Vice investors focus primarily on the “sin triumvirate”: tobacco, alcohol and gaming (gambling) stocks. Historical evidence on the performance of these stocks supports the theory—sin stocks have provided significantly higher returns than stocks in general.
Harrison Hong and Marcin Kacperczyk, authors of the study “The Price of Sin: The Effects of Social Norms on Markets,” published in the July 2009 issue of the Journal of Financial Economics, found that for the period 1965 through 2006, a U.S. portfolio long sin stocks and short their comparables posted a return of 0.29% per month after adjusting for the Carhart four-factor (beta, size, value and momentum) model. As out-of-sample support, sin stocks in seven large European markets and Canada outperformed similar stocks by about 2.5% a year.
The authors concluded that the abnormal risk-adjusted returns of vice stocks are due to neglect by institutional investors, who lean toward the side of SRI.
As further evidence that avoiding sin stocks comes at a price, Elroy Dimson, Paul Marsh and Mike Staunton found that, when using their own industry indexes that covered the 115-year period 1900 through 2014, tobacco firms beat the overall equity market by an annualized 4.5% in the U.S. and by 2.6% in the U.K. (but over the slightly shorter 85-year period 1920 through 2014). Their study was published in the 2015 Credit Suisse Global Investment Handbook.
They also examined the impact of screening out countries based on their degree of corruption.

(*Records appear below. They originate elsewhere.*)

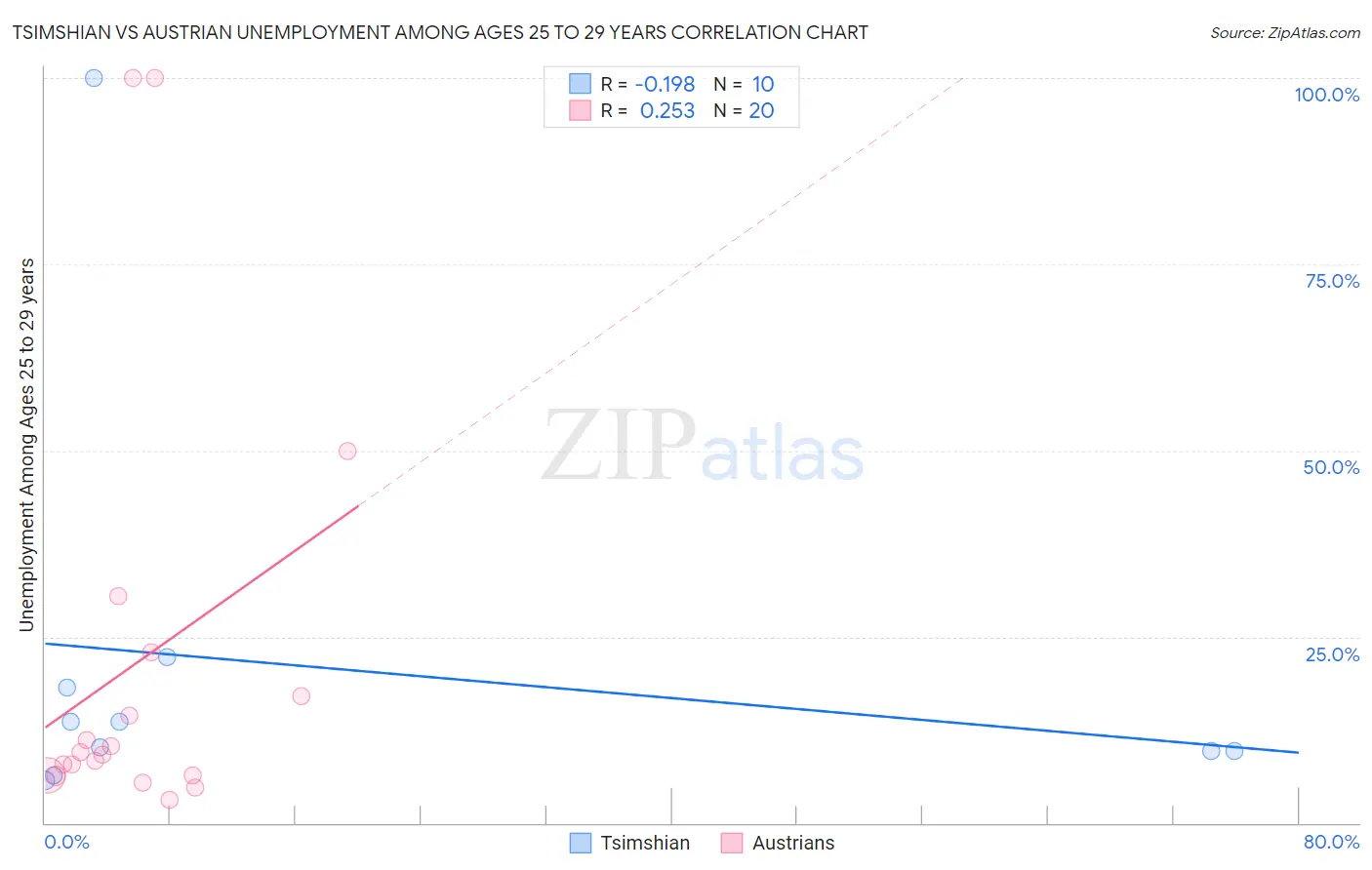 Tsimshian vs Austrian Unemployment Among Ages 25 to 29 years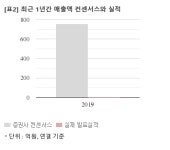 [실시간 분석] 푸드나무, +3% 상승…4Q 영업익 12억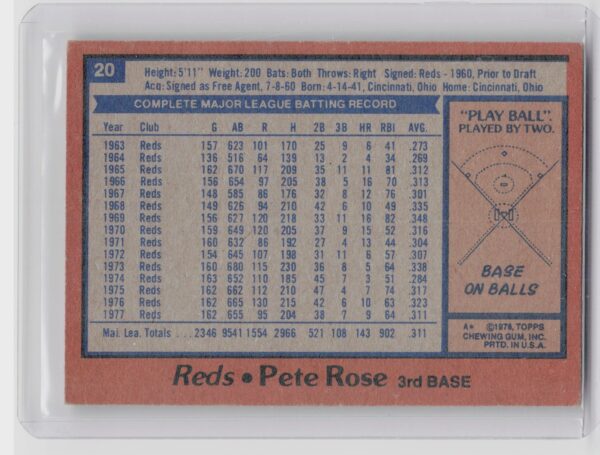 1978 Topps Pete Rose #20 Reds - Image 3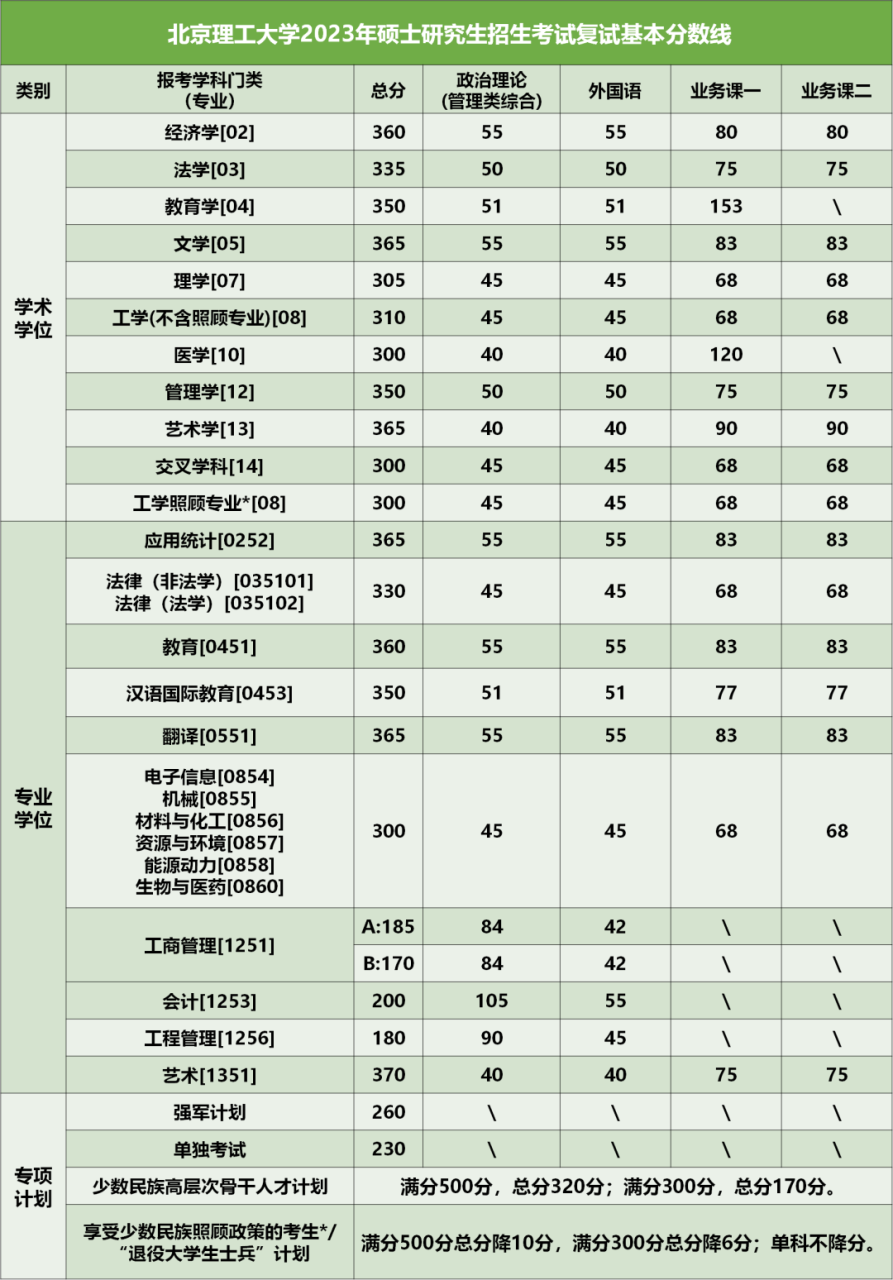 2023年北京理工大学考研复试分数线公布（专项计划）插图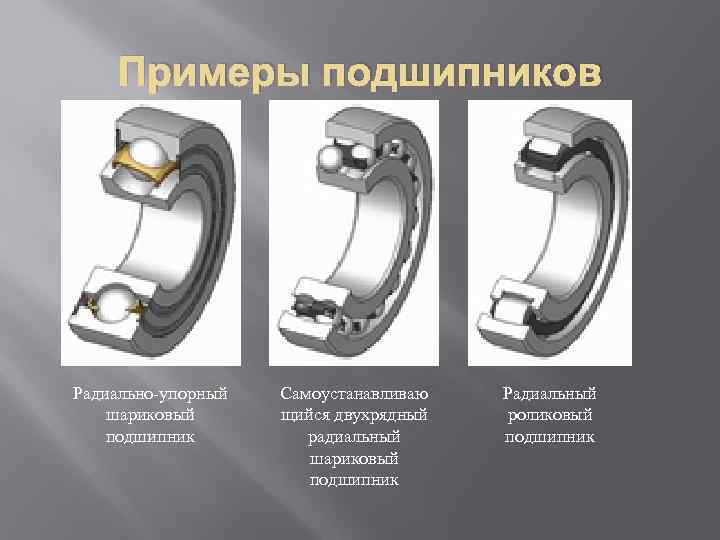 Примеры подшипников Радиально-упорный шариковый подшипник Самоустанавливаю щийся двухрядный радиальный шариковый подшипник Радиальный роликовый подшипник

Countries were evaluated using the Worldwide Governance Indicators from a 2010 World Bank policy research working paper from Daniel Kaufmann, Aart Kraay and Massimo Mastruzzi, “The Worldwide Governance Indicators: Methodology and Analytical Issues.” The indicators comprise annual scores on six broad dimensions of governance.
Dimson, Marsh and Staunton found 14 countries that posted a poor score, 12 that were acceptable, 12 that were good and 11 with excellent scores. Post-2000 returns for the last three groups were between 5.3% and 7.7%. In contrast, the markets with poor control of corruption had an average return of 11.0%.
Interestingly, realized returns were higher for equity investments in jurisdictions that were more likely to be characterized by corrupt behaviors. As the authors note, the time period is short and the result might just be a lucky outcome.
On the other hand, it’s also logical to consider that investors will price for corruption risk and demand a premium for taking it. But it may also be a result of the same exclusionary factors found with sin stocks (investors boycott countries with high corruption scores, driving prices down, raising forward-looking return expectations).